Pada tataran internal kelembagaan, perguruan tinggi itu sendiri pun juga harus menerapkan sistem yang transparan dan terbuka, mudah diakses dan terevaluasi. Dengan begitu, baik keluarga besar kampus, terutama mahasiswa, maupun pihak di luar kampus dapat mengontrol berjalannya sistem di dalam kampus yang transparan dan akuntabel, terutama dalam persoalan keuangan, penerimaan mahasiswa baru, rekrutmen dosen dan karyawan, serta persoalan lain yang sensitif di mata publik. Perguruan tinggi juga harus berani memasang poster, spanduk, baliho dan beragam alat peraga lain yang berisi tulisan “kampus bebas korupsi”, jika itu dilakukan, maka secara moril kampus memiliki tanggung jawab yang luar biasa besar untuk terus berusaha “membersihkan diri” dari praktik korupsi. karena sampai sejauh ini, perguruan tinggi masih belum terjamah oleh isu-isu antikorupsi. Padahal, tidak ada jaminan bahwa perguruan tinggi terbebas dari praktik korupsi.

Strategi Investigative
Hal ini didasarkan pada fenomena kampus yang hanya memproduksi SDM untuk kebutuhan pasar, hal itu jelas mengikis peran kampus yang sesungguhnya. Semestinya perguruan tinggi mengadakan suatu lembaga kajian dan penelitian yang fokus pada penelitian dan pemberdayaan masyarakat sipil untuk ikut bersama-sama memberantas korupsi. Lembaga kajian dan penelitian ini proaktif dalam menerima pengaduan masyarakat yang melihat, mendengar, atau mengetahui adanya tindakan korupsi yang terjadi. Lembaga kajian ini perlu rutin mendatangi dan memantau proses peradilan kasus-kasus dugaan korupsi yang berlangsung di pengadilan negeri setempat. Dengan begitu, akan banyak temuan, data dan hal-hal menarik terkait kasus korupsi yang masuk ke kejaksaan dan pengadilan negeri.

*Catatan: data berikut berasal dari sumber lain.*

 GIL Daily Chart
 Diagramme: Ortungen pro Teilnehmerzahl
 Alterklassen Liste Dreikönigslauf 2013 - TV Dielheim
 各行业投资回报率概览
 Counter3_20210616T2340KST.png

Selain itu Perguruan tinggi juga harus bekerja sama dengan Komisi Pemberantasan Korupsi (KPK) dalam meneruskan pengaduan masyarakat terhadap adanya indikasi temuan perbuatan korupsi di daerah. Hal dilakukan bukan untuk memperpanjang alur birokrasi pelaporan kasus dugaan korupsi, melainkan salah satu upaya “jemput bola” dari perguruan tinggi untuk proaktif mendekatkan warga dengan institusi penegak hukum.

Strategi Edukatif
Perguruan tinggi sebagai lembaga pendidikan memiliki peran penting untuk menumbuhkan kesadaran bagi setiap individu untuk tidak melakukan korupsi, hal tersebut terasa penting karena benteng pencegahan korupsi adalah sikap mental setiap individu untuk tidak melakukan kejahatan korupsi yang bisa ditumbuhkan oleh lembaga pendidikan semisal perguruan tinggi.

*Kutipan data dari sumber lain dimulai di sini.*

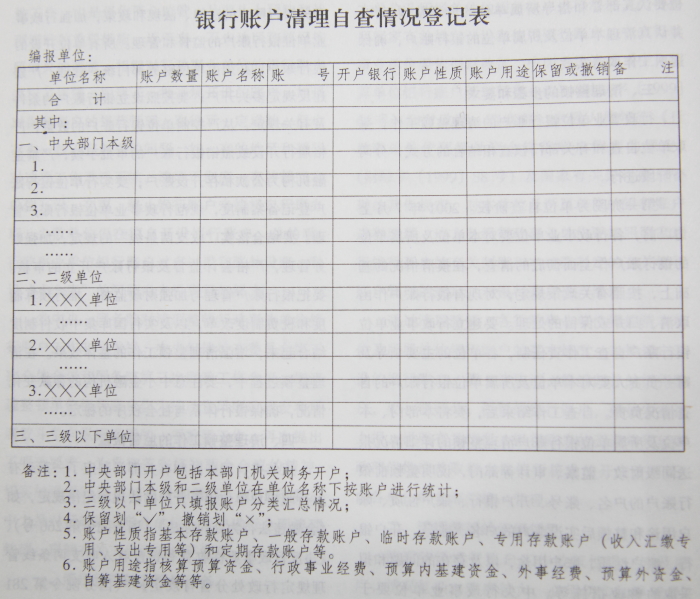 银行流水整理成表格 www.gov.cn
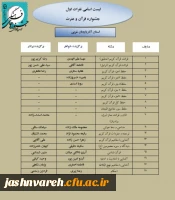 مرحله کشوری002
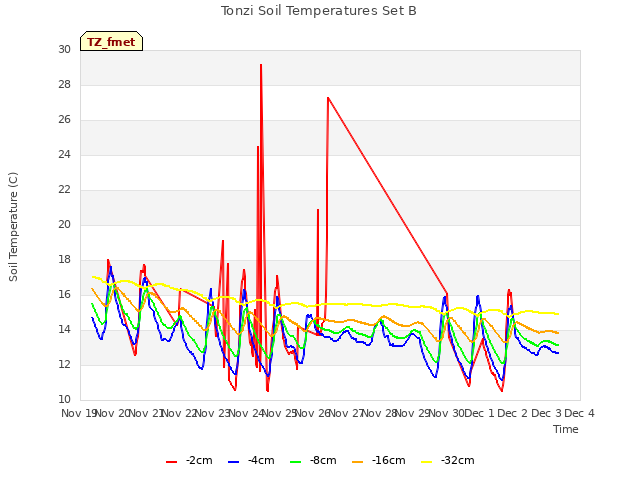 plot of Tonzi Soil Temperatures Set B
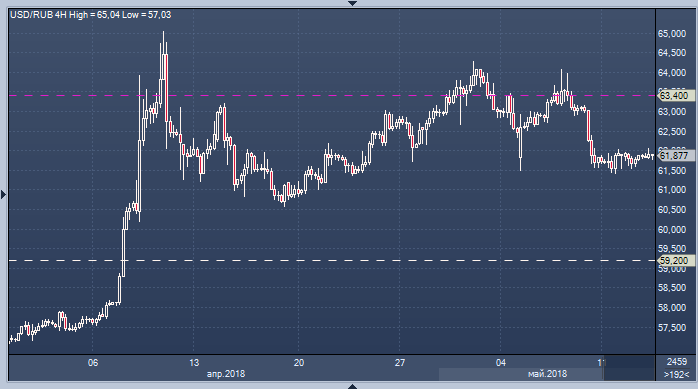 вложение денежных средств в ценные бумаги. инвестиции сколько. иностранные инвестиции в россию. доходность инвестиций в графике. прибыльные инвестиции в россии.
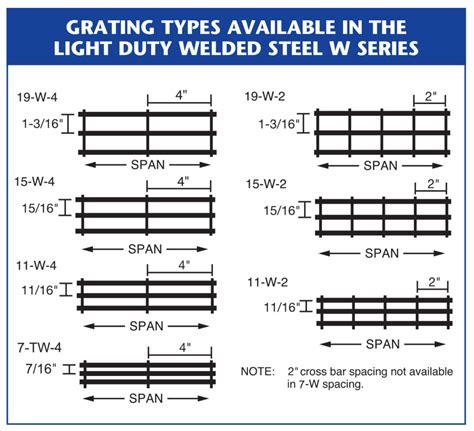 Welded Bar Grating Load Tables | Brokeasshome.com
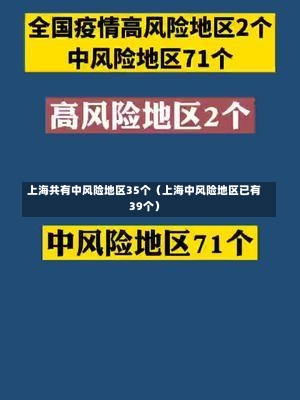 上海共有中风险地区35个（上海中风险地区已有39个）-第1张图片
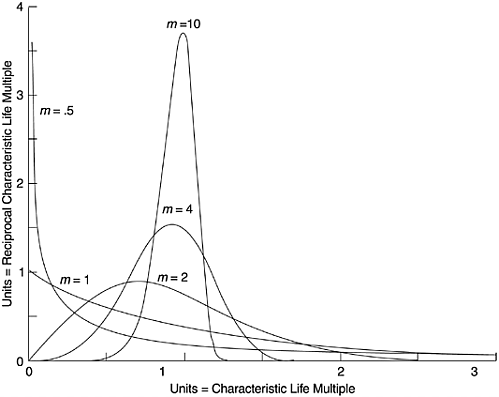 graphics/07fig01.gif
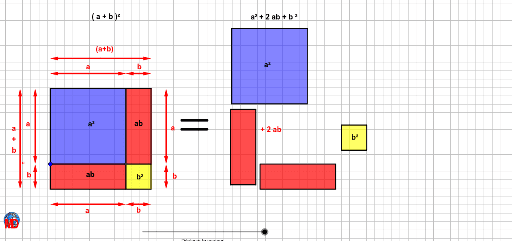 (a+b)² – GeoGebra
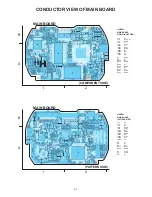 Preview for 26 page of Panasonic WV-CW970 Service Manual
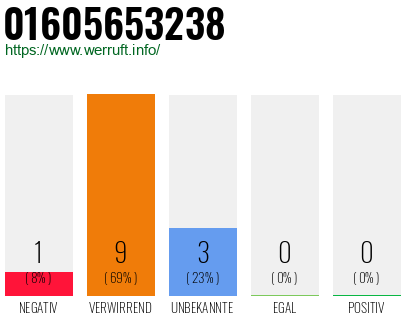 Rufnummer 01605653238 Telefonnummer 01605653238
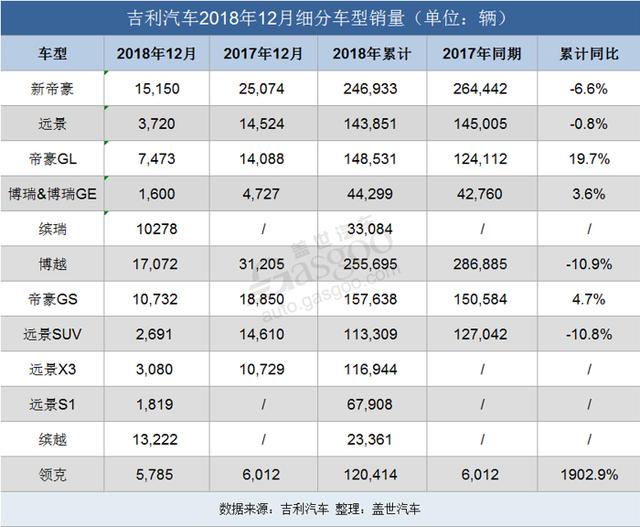 2018年吉利喜忧参半：博越、帝豪同比下跌，缤瑞、缤越月销过万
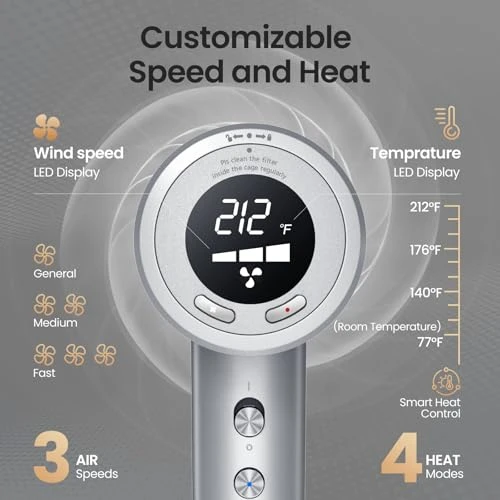 Professional High Speed Ionic Hair Dryer — Dryers & Accessories, Jolitoi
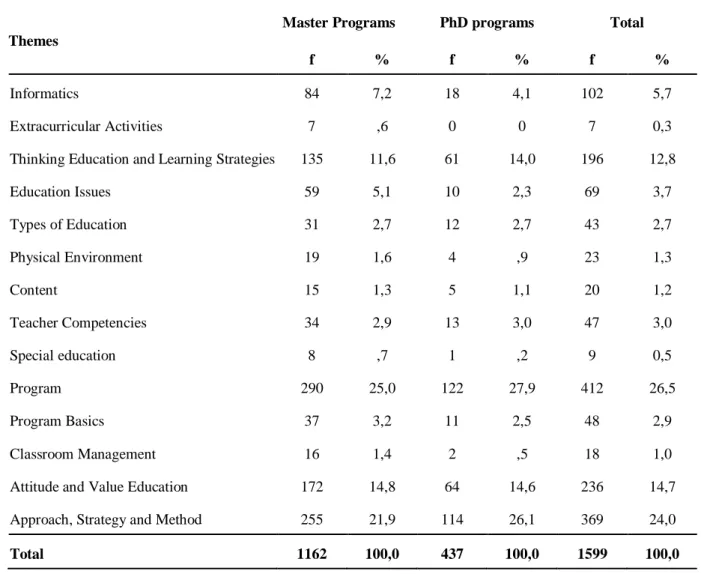 Table 15. Distribution of postgraduate and doctorate dissertation written between 1974 and 2017 in department  of curriculum and instruction in turkey between the themes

Upaya ini misalnya dapat dilakukan dengan memberikan penyuluhan kepada masyarakat mengenai bahaya melakukan tindakan korupsi karena pada nantinya akan mengancam dan merugikan kehidupan masyarakat sendiri. Serta menghimbau agar masyarakat ikut serta dalam menindaklanjuti (berperan aktif) dalam memberantas tindakan korupsi yang terjadi di sekitar lingkungan mereka. Selain itu, masyarakat dituntut lebih kritis terhadap kebijakan pemerintah yang dirasa kurang relevan. Maka masyarakat sadar bahwa korupsi memang harus dilawan dan dimusnahkan dengan mengerahkan kekuatan secara massif, artinya bukan hanya pemerintah saja melainkan seluruh lapisan masyarakat.

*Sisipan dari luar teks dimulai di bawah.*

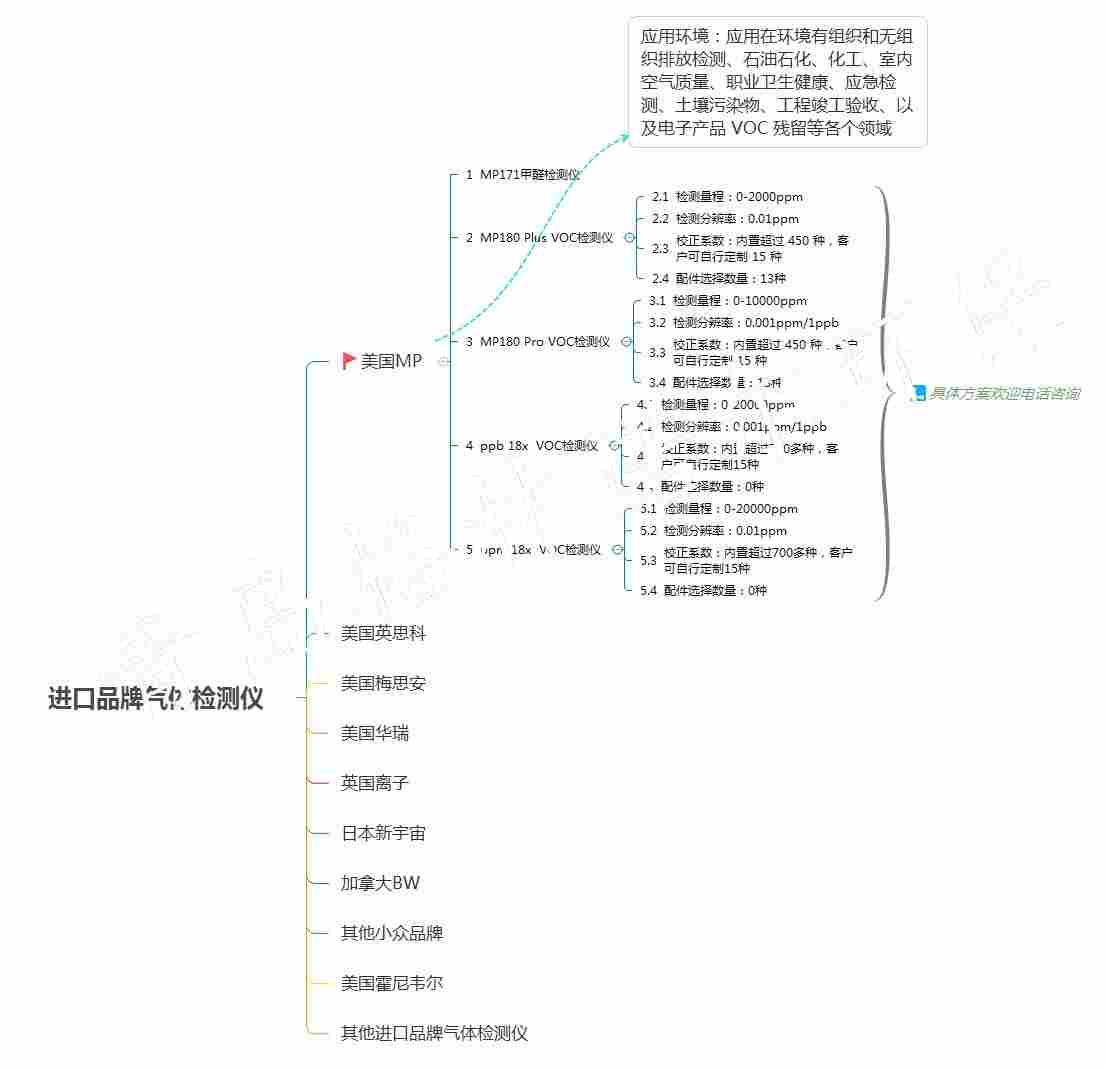 voc检测仪可以测二硫化碳吗MP180Plus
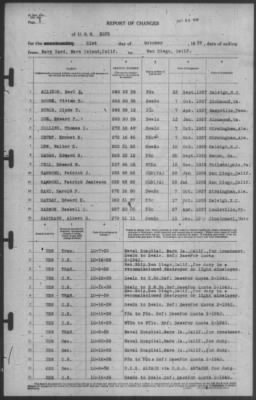 Report of Changes > 21-Oct-1939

Perguruan tinggi juga perlu melakukan sosialisasi dan penyadaran sekolah bebas korupsi, secara kontinyu ke sekolah-sekolah dan lembaga pendidikan di bawahnya. Dunia pendidikan yang dipelopori kampus harus mampu mewujudkan paradigma luhur dan mulia. Jika perlu, setiap kampus memiliki sekolah binaan atau percontohan yang dapat menjadi prototipe dari perwujudan paradigma luhur dan mulia tersebut.. Sekolah yang menerapkan asas kejujuran dalam semua aspek kehidupannya berhasil dan sukses dalam melahirkan siswa dan peserta didik yang berprestasi dan sukses. 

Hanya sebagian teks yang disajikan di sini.